**What you have to do**
In the entries that follow, the line with "Tommy Bahama Everett" opens the range and the line with "Personalised Floral Sentimental" closes it; repeat that range exactly, both lines included.

**Data extracts**

-----

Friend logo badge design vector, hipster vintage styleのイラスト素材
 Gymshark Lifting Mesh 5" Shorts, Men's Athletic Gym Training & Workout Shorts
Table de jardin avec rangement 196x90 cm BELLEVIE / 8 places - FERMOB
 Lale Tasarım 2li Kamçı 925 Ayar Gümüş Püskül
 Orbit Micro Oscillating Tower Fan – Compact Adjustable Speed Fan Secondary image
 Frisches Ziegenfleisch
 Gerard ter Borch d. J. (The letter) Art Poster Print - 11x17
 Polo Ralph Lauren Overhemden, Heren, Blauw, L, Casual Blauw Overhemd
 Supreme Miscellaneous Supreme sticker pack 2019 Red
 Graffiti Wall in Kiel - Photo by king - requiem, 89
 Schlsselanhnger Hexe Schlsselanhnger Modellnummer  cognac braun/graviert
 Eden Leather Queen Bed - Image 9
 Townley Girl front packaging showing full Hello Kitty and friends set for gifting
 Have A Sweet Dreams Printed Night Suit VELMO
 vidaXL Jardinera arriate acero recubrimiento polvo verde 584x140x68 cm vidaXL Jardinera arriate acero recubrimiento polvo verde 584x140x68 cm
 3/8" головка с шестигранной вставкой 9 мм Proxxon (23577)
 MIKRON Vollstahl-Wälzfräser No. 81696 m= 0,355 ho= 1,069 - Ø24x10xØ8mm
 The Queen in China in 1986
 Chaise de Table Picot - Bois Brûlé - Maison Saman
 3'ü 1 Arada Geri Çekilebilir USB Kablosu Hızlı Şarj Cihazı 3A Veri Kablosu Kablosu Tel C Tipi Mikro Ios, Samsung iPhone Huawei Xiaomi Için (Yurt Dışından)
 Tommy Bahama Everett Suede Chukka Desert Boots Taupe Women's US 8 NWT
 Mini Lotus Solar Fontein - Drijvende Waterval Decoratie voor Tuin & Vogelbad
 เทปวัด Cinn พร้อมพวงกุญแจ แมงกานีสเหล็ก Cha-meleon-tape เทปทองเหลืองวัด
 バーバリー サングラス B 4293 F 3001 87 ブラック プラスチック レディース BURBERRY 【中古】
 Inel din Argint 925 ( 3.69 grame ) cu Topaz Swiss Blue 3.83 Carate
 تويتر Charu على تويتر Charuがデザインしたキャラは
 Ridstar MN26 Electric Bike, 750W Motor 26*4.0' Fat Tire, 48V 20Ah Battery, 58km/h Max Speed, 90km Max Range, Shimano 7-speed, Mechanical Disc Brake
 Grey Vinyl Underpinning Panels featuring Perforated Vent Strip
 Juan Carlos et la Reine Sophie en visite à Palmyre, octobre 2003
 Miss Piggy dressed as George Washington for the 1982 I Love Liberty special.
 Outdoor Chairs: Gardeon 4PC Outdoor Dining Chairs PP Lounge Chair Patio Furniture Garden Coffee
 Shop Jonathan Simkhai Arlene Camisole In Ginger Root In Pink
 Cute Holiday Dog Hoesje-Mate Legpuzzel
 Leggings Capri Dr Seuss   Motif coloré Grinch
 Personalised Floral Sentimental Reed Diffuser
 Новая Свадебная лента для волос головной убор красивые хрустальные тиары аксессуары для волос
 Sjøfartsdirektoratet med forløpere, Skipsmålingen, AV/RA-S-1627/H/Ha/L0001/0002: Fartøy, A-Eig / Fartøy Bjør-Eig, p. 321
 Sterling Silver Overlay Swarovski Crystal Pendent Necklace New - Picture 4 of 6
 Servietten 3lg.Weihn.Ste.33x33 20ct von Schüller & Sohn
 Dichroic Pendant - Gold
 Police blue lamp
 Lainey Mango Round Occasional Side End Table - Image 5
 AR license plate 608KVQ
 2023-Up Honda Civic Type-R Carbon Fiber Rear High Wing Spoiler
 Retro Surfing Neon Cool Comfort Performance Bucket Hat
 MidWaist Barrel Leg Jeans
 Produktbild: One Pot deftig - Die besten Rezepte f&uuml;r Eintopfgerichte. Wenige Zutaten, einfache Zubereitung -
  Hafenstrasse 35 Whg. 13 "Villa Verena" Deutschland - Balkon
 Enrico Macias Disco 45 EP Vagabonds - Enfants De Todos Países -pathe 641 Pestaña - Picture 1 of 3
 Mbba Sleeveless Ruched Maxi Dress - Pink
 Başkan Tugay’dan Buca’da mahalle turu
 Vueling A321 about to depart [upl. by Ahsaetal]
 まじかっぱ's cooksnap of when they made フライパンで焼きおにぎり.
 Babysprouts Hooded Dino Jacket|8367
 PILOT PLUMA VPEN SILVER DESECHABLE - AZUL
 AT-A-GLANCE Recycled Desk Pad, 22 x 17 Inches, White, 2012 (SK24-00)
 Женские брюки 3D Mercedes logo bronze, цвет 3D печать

-----

**Answer section**
 Tommy Bahama Everett Suede Chukka Desert Boots Taupe Women's US 8 NWT
 Mini Lotus Solar Fontein - Drijvende Waterval Decoratie voor Tuin & Vogelbad
 เทปวัด Cinn พร้อมพวงกุญแจ แมงกานีสเหล็ก Cha-meleon-tape เทปทองเหลืองวัด
 バーバリー サングラス B 4293 F 3001 87 ブラック プラスチック レディース BURBERRY 【中古】
 Inel din Argint 925 ( 3.69 grame ) cu Topaz Swiss Blue 3.83 Carate
 تويتر Charu على تويتر Charuがデザインしたキャラは
 Ridstar MN26 Electric Bike, 750W Motor 26*4.0' Fat Tire, 48V 20Ah Battery, 58km/h Max Speed, 90km Max Range, Shimano 7-speed, Mechanical Disc Brake
 Grey Vinyl Underpinning Panels featuring Perforated Vent Strip
 Juan Carlos et la Reine Sophie en visite à Palmyre, octobre 2003
 Miss Piggy dressed as George Washington for the 1982 I Love Liberty special.
 Outdoor Chairs: Gardeon 4PC Outdoor Dining Chairs PP Lounge Chair Patio Furniture Garden Coffee
 Shop Jonathan Simkhai Arlene Camisole In Ginger Root In Pink
 Cute Holiday Dog Hoesje-Mate Legpuzzel
 Leggings Capri Dr Seuss   Motif coloré Grinch
 Personalised Floral Sentimental Reed Diffuser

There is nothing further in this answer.